The Water From Men’s Eyes

Years ago, when I was in the mountains outside Tucson, I had a transformative dream. “Men stood in line, waiting to  see Mary Magdalene. When they got to her, they jerked their seed into a large gourd from which she drank, washed her hair, and made her adorning colors. The scene sharply shifted to men standing in line waiting to approach the altar. As they got to the apex, they knelt and spilled the water from their eyes into the baptismal pool.”

I was 9 when I gave up my tears to the Old Masculine. It took me 20 years to reclaim them, and I have cherished them ever since. Through my own deep emotional experience, I have come to the belief that they are ESSENTIAL for a man’s evolution, particularly as he moves through the middle of his life and learns to kneel before the Sacred Feminine. The New Masculine does not fear surrendering to Her, for She has great blessing for him in his movement toward maturity.

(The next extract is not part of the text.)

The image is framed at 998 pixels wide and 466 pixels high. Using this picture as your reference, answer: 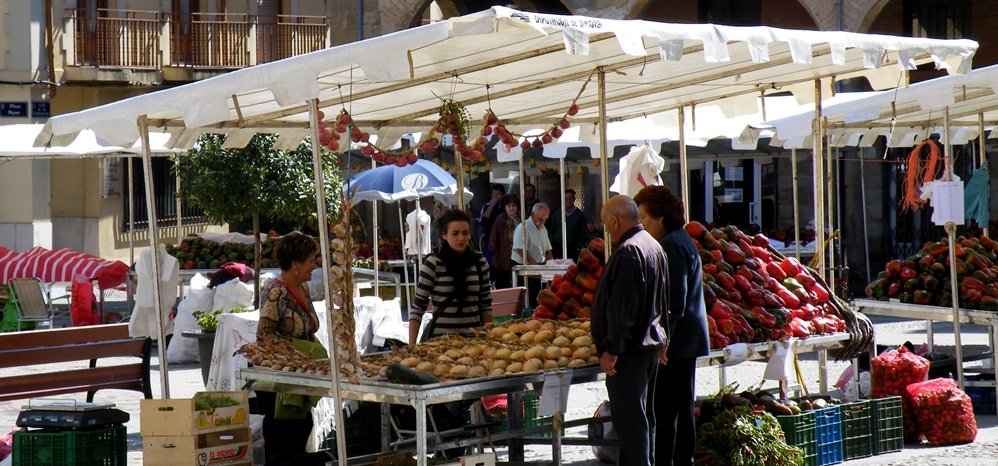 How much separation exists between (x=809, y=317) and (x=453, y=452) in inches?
95.6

We have metaphors throughout the archetypal world that show us the necessity of this act of surrender. The Old oak clings tenaciously to where it stands upon the earth, eventually to be cracked open in its brittleness. The New bamboo bends and flexes, its moisture creating the space and capacity.

The Warrior returns home, needing to immerse his “sword” into the cool waters. The Old warrior does that in an unconscious way, engaging the feminine in hurtful and dangerous ways, asking neither for permission nor blessing. The New Warrior … sooner or later in his own evolution … learns how to bend his knee, surrendering his heart without surrendering his power. For indeed, it is the Lady of the Lake who blesses the King.

My grief is palpable these days. Falling into “the slew of despond” is tricky business. If I stay too long, I will drown. If I do not stay long enough, I will emerge unclean and unfinished. How is a man to know how much?

The heart contains both fire and water. It always knows when either is too much. The fires dies when nothing fans its flame, the water empties when the heart stops aching, each finding its own level of stillness. A mature man has learned to trust his anger and his grief, for his heart always knows the truth.